WHAT YOU SHOULD DO
Below are some records; output exactly the lines from the line with "1988 Mitsubishi Colt 1.3 GL (60 bg)" to the line with "INE ordena a", both ends kept, and nothing more.

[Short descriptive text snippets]

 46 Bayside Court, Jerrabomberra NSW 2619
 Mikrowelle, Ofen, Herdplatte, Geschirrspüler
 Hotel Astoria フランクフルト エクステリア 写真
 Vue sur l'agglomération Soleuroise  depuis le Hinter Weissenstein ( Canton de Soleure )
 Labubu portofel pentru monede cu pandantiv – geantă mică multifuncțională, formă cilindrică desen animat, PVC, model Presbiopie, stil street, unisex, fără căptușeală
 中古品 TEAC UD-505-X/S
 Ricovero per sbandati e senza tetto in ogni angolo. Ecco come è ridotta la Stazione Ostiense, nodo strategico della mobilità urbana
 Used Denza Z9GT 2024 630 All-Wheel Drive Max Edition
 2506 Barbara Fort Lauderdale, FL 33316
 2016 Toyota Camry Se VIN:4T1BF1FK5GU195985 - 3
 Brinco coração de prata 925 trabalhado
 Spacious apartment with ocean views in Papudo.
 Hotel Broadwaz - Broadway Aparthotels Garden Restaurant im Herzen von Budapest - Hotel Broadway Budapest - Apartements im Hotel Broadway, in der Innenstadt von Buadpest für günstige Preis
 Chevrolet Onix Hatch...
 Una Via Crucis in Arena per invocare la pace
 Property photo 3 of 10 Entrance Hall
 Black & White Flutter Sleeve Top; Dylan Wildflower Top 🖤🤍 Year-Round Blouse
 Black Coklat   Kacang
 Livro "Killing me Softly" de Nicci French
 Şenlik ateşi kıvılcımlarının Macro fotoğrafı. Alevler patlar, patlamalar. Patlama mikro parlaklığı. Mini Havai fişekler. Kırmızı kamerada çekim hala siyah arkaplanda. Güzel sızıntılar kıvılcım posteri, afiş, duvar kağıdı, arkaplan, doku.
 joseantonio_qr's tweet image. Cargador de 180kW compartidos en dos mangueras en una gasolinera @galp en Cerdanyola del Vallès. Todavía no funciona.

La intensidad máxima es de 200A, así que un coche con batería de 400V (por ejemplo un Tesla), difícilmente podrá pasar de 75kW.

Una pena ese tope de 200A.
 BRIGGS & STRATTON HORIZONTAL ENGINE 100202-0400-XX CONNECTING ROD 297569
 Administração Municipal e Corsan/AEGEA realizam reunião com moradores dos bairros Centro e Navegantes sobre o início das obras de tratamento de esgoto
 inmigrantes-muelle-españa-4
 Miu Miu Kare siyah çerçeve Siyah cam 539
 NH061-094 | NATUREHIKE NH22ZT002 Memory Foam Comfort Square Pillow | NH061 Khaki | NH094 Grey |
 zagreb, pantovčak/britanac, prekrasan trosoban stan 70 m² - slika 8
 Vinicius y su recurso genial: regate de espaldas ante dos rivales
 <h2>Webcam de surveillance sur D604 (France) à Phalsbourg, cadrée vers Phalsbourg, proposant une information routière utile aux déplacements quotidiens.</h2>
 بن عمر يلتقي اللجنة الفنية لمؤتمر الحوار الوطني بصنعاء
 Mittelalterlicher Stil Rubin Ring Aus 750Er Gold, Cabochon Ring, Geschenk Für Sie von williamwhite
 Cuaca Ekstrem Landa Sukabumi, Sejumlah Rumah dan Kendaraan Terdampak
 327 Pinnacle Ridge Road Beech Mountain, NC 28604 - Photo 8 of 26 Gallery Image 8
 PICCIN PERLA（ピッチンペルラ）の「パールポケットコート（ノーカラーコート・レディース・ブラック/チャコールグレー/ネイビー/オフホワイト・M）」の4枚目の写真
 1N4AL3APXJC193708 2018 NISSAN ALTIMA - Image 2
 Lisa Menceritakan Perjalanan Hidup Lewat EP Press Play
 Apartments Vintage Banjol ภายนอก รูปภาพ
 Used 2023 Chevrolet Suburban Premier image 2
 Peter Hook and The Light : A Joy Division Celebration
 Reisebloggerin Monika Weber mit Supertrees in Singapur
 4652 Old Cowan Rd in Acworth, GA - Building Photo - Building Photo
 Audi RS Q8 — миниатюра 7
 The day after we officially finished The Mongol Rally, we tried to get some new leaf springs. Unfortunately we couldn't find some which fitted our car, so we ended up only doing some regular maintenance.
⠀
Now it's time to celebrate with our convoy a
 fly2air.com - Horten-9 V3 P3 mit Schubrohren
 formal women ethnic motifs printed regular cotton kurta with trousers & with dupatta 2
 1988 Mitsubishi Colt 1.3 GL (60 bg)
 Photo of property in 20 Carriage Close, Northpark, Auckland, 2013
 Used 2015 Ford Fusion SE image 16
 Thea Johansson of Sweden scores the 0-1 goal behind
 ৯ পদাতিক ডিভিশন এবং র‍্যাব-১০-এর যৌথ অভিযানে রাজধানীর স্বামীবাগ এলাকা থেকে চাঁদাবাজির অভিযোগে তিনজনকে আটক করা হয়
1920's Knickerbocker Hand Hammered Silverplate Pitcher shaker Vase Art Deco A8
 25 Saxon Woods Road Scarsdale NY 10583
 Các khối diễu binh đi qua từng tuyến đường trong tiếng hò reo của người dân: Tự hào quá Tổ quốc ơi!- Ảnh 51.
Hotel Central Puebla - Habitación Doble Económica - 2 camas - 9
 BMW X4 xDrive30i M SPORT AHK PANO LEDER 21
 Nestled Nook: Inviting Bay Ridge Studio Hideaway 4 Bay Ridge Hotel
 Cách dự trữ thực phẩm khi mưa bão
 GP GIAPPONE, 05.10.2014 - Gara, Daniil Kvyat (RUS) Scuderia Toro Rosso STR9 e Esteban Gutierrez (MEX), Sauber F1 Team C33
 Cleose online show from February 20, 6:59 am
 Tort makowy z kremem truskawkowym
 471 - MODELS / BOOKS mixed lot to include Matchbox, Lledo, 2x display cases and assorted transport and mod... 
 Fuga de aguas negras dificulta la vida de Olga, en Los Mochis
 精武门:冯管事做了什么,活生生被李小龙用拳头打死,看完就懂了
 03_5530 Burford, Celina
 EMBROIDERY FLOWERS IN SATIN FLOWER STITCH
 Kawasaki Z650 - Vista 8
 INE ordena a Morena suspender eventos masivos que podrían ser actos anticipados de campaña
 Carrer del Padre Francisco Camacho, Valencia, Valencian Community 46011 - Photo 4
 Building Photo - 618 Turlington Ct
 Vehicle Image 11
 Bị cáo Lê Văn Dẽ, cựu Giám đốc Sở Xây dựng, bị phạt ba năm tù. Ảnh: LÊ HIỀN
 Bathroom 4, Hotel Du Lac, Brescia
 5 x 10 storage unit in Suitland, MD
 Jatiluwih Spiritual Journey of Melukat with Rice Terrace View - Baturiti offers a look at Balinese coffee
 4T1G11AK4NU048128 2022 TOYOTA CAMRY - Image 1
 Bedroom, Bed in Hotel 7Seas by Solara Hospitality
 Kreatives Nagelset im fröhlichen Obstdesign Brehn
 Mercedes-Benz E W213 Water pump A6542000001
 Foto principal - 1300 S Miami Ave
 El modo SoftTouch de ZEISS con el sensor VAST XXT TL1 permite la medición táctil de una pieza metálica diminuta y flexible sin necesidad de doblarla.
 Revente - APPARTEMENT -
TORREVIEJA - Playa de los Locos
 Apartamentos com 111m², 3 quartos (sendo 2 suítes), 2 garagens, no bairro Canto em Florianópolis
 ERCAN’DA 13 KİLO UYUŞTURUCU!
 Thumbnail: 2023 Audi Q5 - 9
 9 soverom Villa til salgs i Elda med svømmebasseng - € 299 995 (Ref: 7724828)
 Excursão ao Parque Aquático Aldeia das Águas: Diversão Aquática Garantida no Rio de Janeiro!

TASK RESPONSE
 1988 Mitsubishi Colt 1.3 GL (60 bg)
 Photo of property in 20 Carriage Close, Northpark, Auckland, 2013
 Used 2015 Ford Fusion SE image 16
 Thea Johansson of Sweden scores the 0-1 goal behind
 ৯ পদাতিক ডিভিশন এবং র‍্যাব-১০-এর যৌথ অভিযানে রাজধানীর স্বামীবাগ এলাকা থেকে চাঁদাবাজির অভিযোগে তিনজনকে আটক করা হয়
1920's Knickerbocker Hand Hammered Silverplate Pitcher shaker Vase Art Deco A8
 25 Saxon Woods Road Scarsdale NY 10583
 Các khối diễu binh đi qua từng tuyến đường trong tiếng hò reo của người dân: Tự hào quá Tổ quốc ơi!- Ảnh 51.
Hotel Central Puebla - Habitación Doble Económica - 2 camas - 9
 BMW X4 xDrive30i M SPORT AHK PANO LEDER 21
 Nestled Nook: Inviting Bay Ridge Studio Hideaway 4 Bay Ridge Hotel
 Cách dự trữ thực phẩm khi mưa bão
 GP GIAPPONE, 05.10.2014 - Gara, Daniil Kvyat (RUS) Scuderia Toro Rosso STR9 e Esteban Gutierrez (MEX), Sauber F1 Team C33
 Cleose online show from February 20, 6:59 am
 Tort makowy z kremem truskawkowym
 471 - MODELS / BOOKS mixed lot to include Matchbox, Lledo, 2x display cases and assorted transport and mod... 
 Fuga de aguas negras dificulta la vida de Olga, en Los Mochis
 精武门:冯管事做了什么,活生生被李小龙用拳头打死,看完就懂了
 03_5530 Burford, Celina
 EMBROIDERY FLOWERS IN SATIN FLOWER STITCH
 Kawasaki Z650 - Vista 8
 INE ordena a Morena suspender eventos masivos que podrían ser actos anticipados de campaña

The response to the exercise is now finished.